In the world of candlestick analysis, the engulfing pattern is one of the most recognizable and frequently utilized formations. The engulfing pattern consists of a pair of candles that hint at an impending market reversal. There are two main types of this pattern:

  • Bullish Engulfing Pattern: Initiated by a short red (or black) candle, it is succeeded by a long green (or white) candle that entirely "swallows" the preceding red candle, suggesting a likely upward movement in price.
  • Bearish Engulfing Pattern: Commences with a short green (or white) candle. This is followed by a long red (or black) candle that engulfs the prior green candle, pointing to a potential downward shift in price.
Basic Shape of an Engulfing Pattern
Basic Shape of an Engulfing Pattern

Differences and Similarities with Other Patterns

The structure of an engulfing pattern shares similarities with several other candlestick formations, namely:

  1. Hammer
  2. Shooting Star
  3. Harami

1. Bullish Engulfing Pattern vs. Hammer

When the two candles that constitute a bullish engulfing pattern are combined, they usually, but not always, form a shape resembling a hammer pattern.

Bullish Engulfing Pattern vs. Hammer
Bullish Engulfing Pattern vs. Hammer

Similarities: Both patterns denote rising buying pressure at low levels and a potential change in market sentiment from bearish to bullish.

Differences: A bullish engulfing pattern can take a wide range of configurations according to the relative sizes of the real bodies, but not all of them can be merged into a hammer pattern.

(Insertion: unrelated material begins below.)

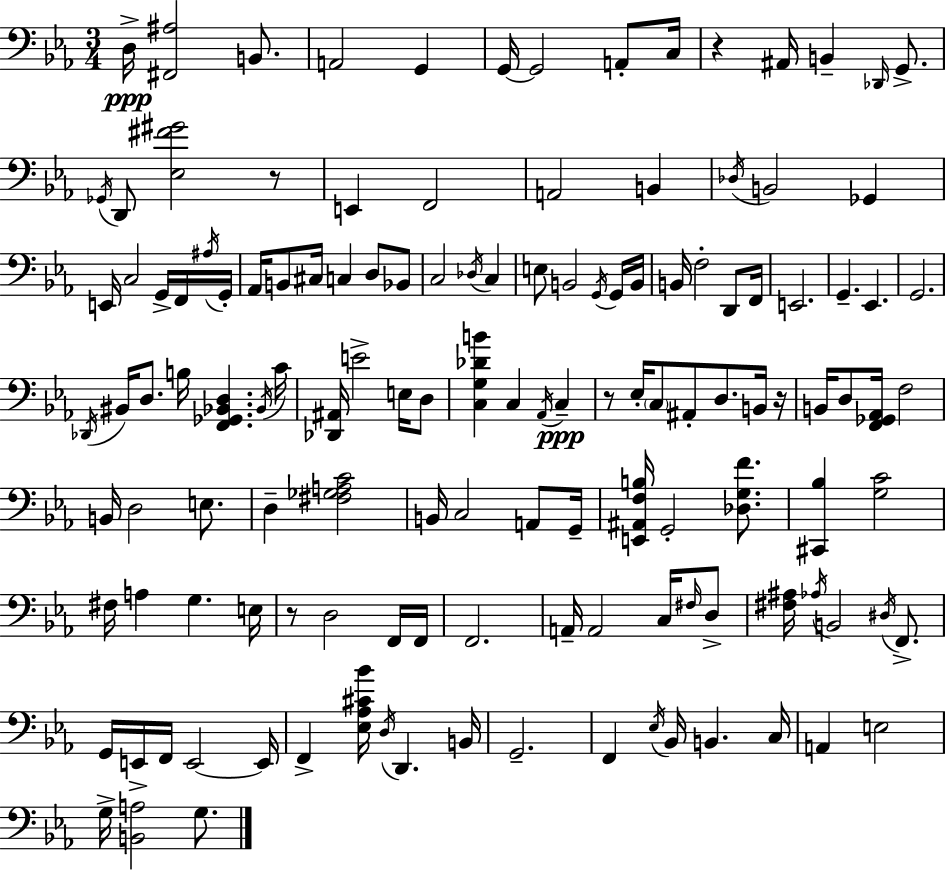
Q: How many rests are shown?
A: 5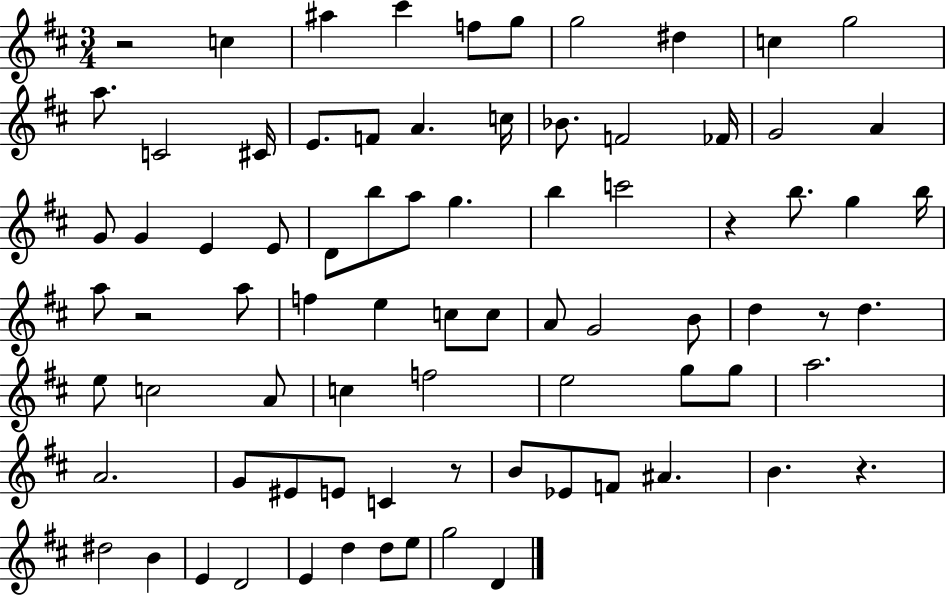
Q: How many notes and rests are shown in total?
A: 80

2. Bearish Engulfing Pattern vs. Shooting Star

Combining the two candles that make up a bearish engulfing pattern frequently results in a formation similar to a shooting star pattern.

Bearish Engulfing Pattern vs. Shooting Star
Bearish Engulfing Pattern vs. Shooting Star

Similarities: Both patterns denote increasing selling pressure at high levels and a potential shift in market sentiment from bullish to bearish.

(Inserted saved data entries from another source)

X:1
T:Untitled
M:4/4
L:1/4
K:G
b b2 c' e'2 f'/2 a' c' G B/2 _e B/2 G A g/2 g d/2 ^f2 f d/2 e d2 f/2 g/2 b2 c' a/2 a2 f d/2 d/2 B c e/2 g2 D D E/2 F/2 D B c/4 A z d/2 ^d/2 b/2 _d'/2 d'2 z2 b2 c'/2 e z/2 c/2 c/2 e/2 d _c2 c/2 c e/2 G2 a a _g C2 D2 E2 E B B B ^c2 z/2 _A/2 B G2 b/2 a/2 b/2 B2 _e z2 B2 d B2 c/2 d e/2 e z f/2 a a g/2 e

Differences: A bearish engulfing pattern can take a wide range of configurations, depending on the relative sizes of the real bodies. Not all of them, however, can be combined to constitute a hammer pattern.

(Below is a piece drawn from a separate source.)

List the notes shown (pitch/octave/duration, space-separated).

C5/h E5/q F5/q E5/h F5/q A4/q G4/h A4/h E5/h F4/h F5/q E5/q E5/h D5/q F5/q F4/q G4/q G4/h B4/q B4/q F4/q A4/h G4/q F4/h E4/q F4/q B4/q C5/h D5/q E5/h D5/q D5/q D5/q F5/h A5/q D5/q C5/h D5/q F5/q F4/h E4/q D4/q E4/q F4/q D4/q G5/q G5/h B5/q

3. Engulfing Pattern vs. Harami

The harami pattern bears a resemblance to the engulfing pattern, but in a reversed way. In a harami pattern, the first candle is long, and the second one is short and is encompassed by the first. Think of it as the engulfing pattern flipped inside out.

Engulfing Pattern vs. Harami
Engulfing Pattern vs. Harami

Similarities: Both patterns are constituted by two bodies, where one engulfs the other.

Differences: While the engulfing pattern typically indicates a strong reversal, a harami often suggests a transition period, a less strong reversal, or even a continuation signal in some contexts.

Last Engulfing Pattern

There are two main types of engulfing patterns:

  • Standard Engulfing Pattern
  • Last Engulfing Pattern

With regard to last engulfing patterns, we can differentiate two subtypes:

  • Last Engulfing Bottom
  • Last Engulfing Top

Last Engulfing Bottom: A standard bearish engulfing pattern features a sizable black candle that completely covers a smaller white real body, typically following an uptrend. However, when this pattern emerges amid a price drop, it could potentially signal a bullish reversal at the bottom. Known as the "last engulfing bottom," this pattern is seen as a pivot point for bullish momentum if subsequent prices manage to close above the black candle's closing price

Last Engulfing Bottom
Last Engulfing Bottom

Last Engulfing Top: In a standard bullish engulfing pattern, a large white candle envelops a smaller preceding black real body during a downtrend. However, when this pattern occurs in an uptrending market, where a large white candle engulfs the previous day's black candle, it is considered a potentially bearish signal known as a "last engulfing top." According to candlestick theory, the bearish nature of this pattern is confirmed if the market closes below the large white candle's closing price on the following day.

Last Engulfing Top
Last Engulfing Top

Similarities: Both patterns share the same configuration and indicate a potential market reversal.

Differences: In terms of market direction, the context in which those formations should emerge is entirely different.